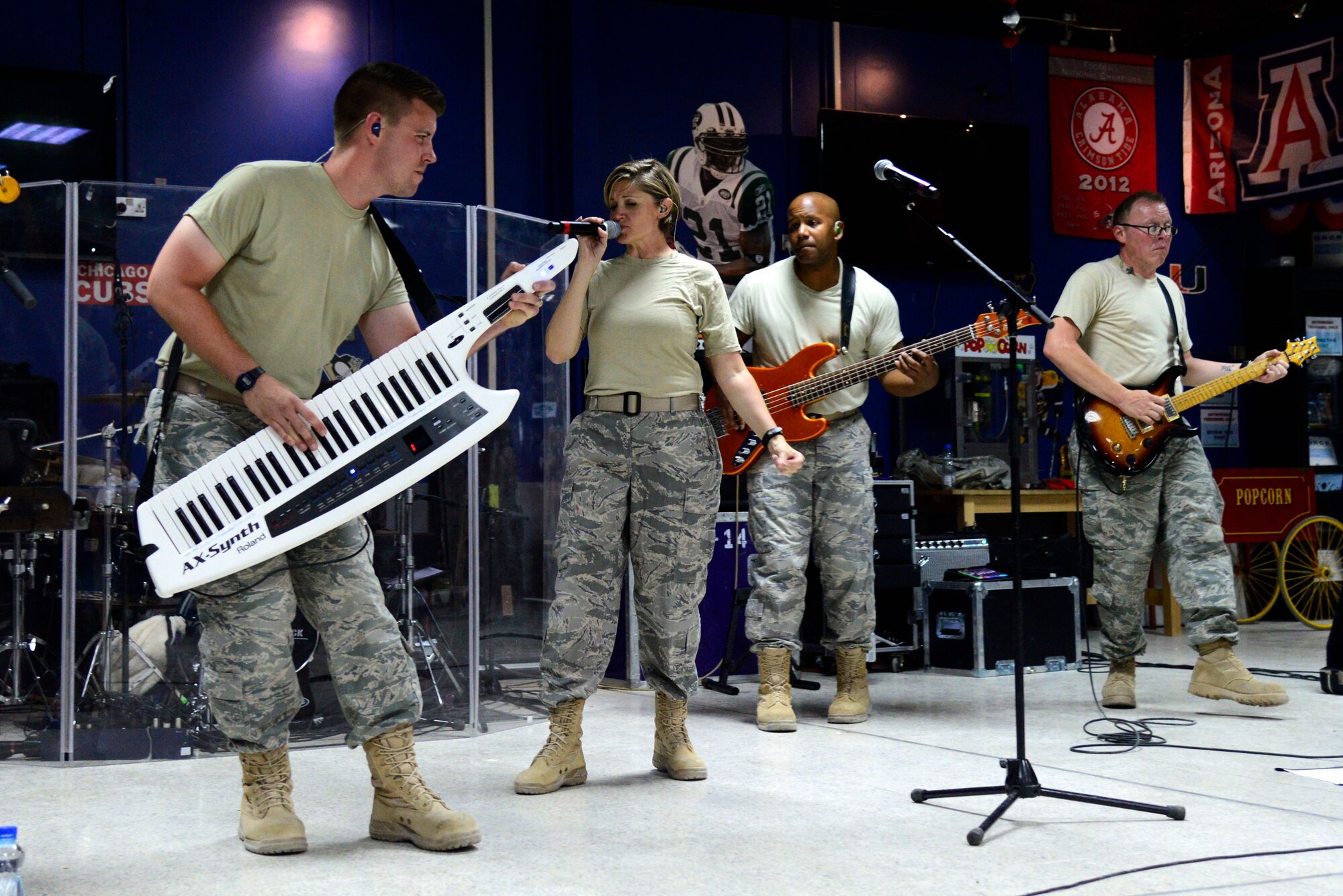 The Air Forces Central Command band performs for Service members at an undisclosed location in Southwest Asia, July 6, 2015. The band utilized music as a form of communication to boost morale. (U.S. Air Force photo by Senior Airman Racheal E. Watson/Released)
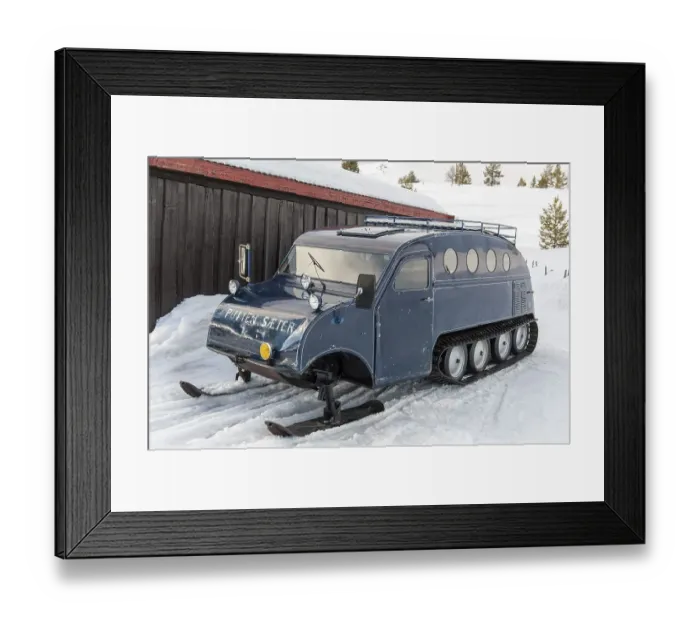 Framed Print : Oldtimer, Auto Neige, Bombardier snowmobile B12 with skis and chains in winter in the snow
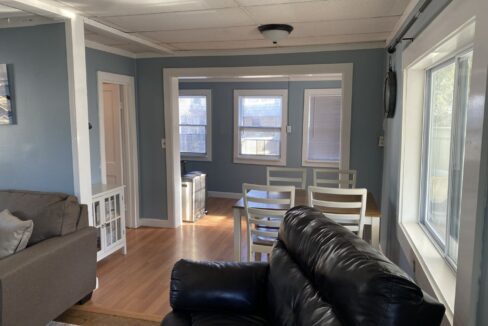 a living room filled with furniture and a wooden floor.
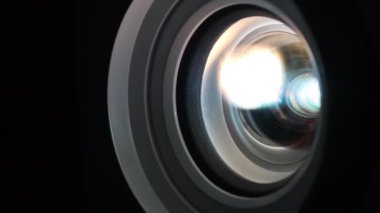 Projektör merceği yakın plan çalışıyor. Çalışan projektörlerin lensleri renk değiştirir. Sinema salonu. Film projektörle gösterilir. Farklı renklerin ışığı lenslerden geçer.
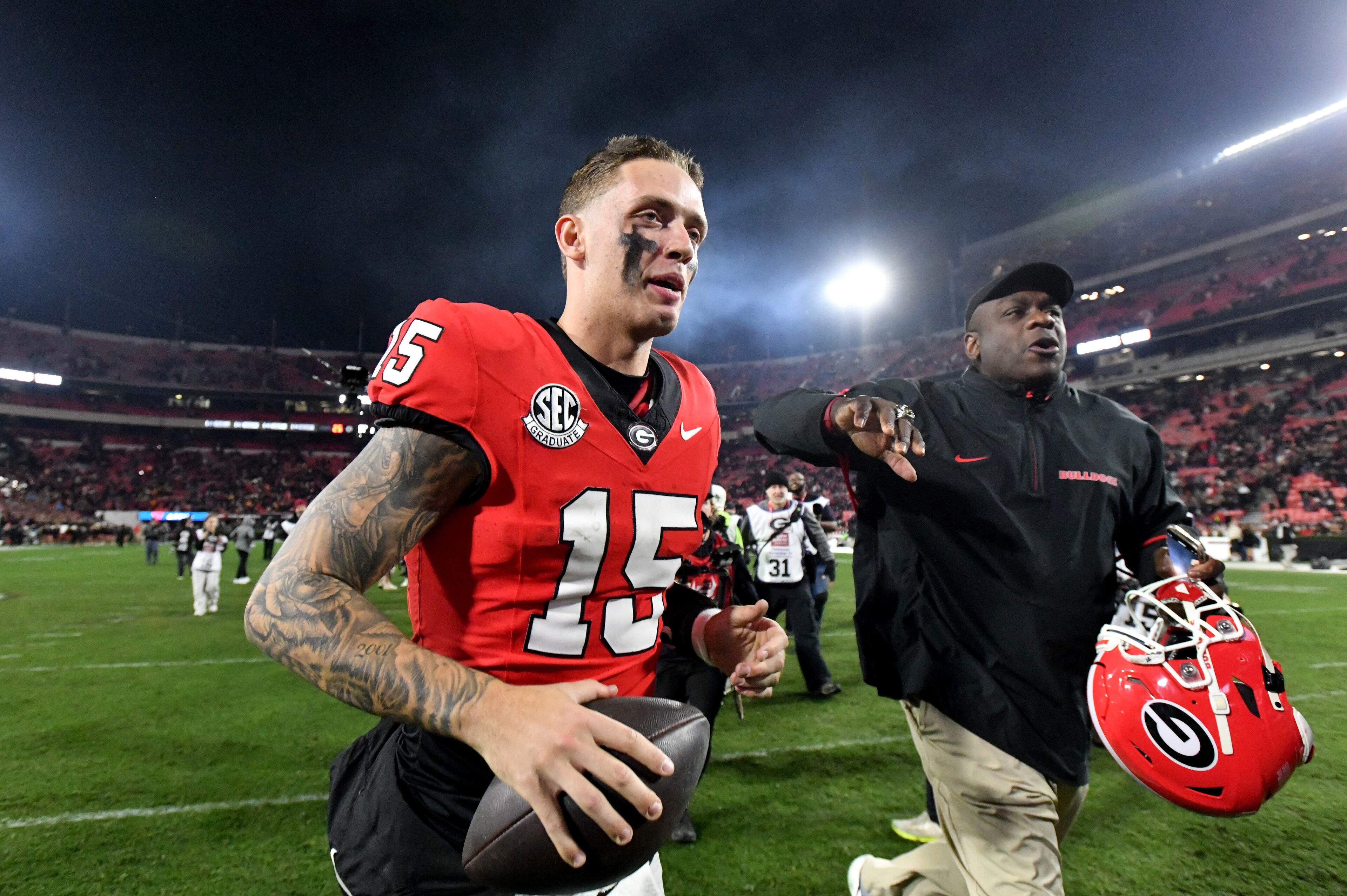 Georgia quarterback Carson Beck (15) leaves the football field after Georgia beat Tennessee in an NCAA football game at Sanford Stadium, Saturday, November 16, 2024, in Athens. Georgia won 31-17 over Tennessee. (Hyosub Shin / AJC)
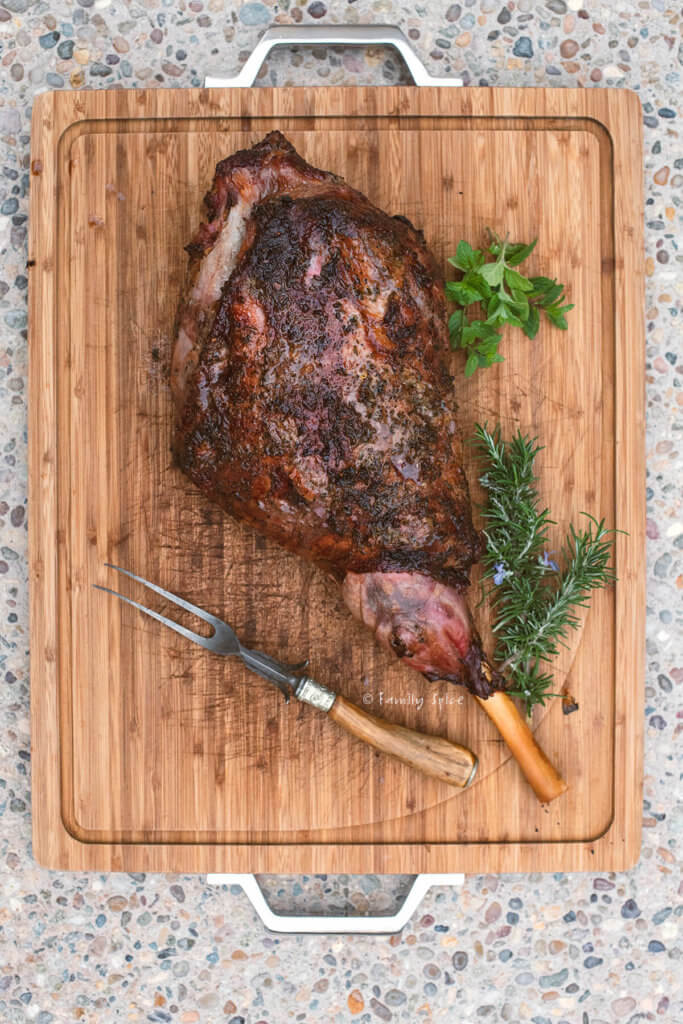 Top view of a grilled leg of lamb on a wood cutting board with fresh herbs next to it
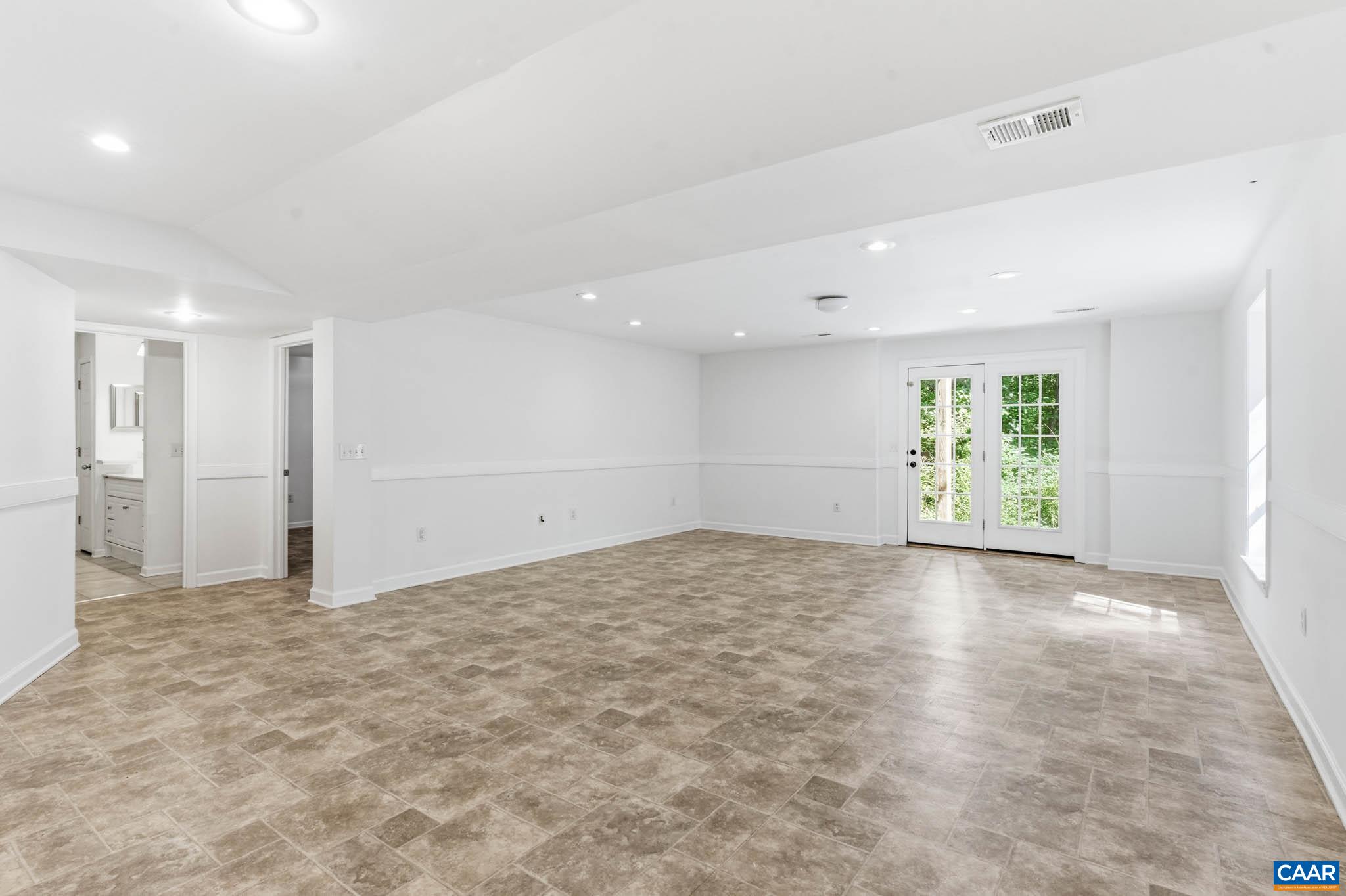 Expansive finished basement with extra tall ceilings, bedroom and full bath, with French doors to the rear exterior.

================================

## Problem requirements
Exactly those lines that run from the line holding "a living room" to the end of the listing above, both included, are to be reproduced, with pictures left out.

## Result for this task
 a living room filled with furniture and a wooden floor.
 Projektör merceği yakın plan çalışıyor. Çalışan projektörlerin lensleri renk değiştirir. Sinema salonu. Film projektörle gösterilir. Farklı renklerin ışığı lenslerden geçer.
 Georgia quarterback Carson Beck (15) leaves the football field after Georgia beat Tennessee in an NCAA football game at Sanford Stadium, Saturday, November 16, 2024, in Athens. Georgia won 31-17 over Tennessee. (Hyosub Shin / AJC)
 Top view of a grilled leg of lamb on a wood cutting board with fresh herbs next to it
 Expansive finished basement with extra tall ceilings, bedroom and full bath, with French doors to the rear exterior.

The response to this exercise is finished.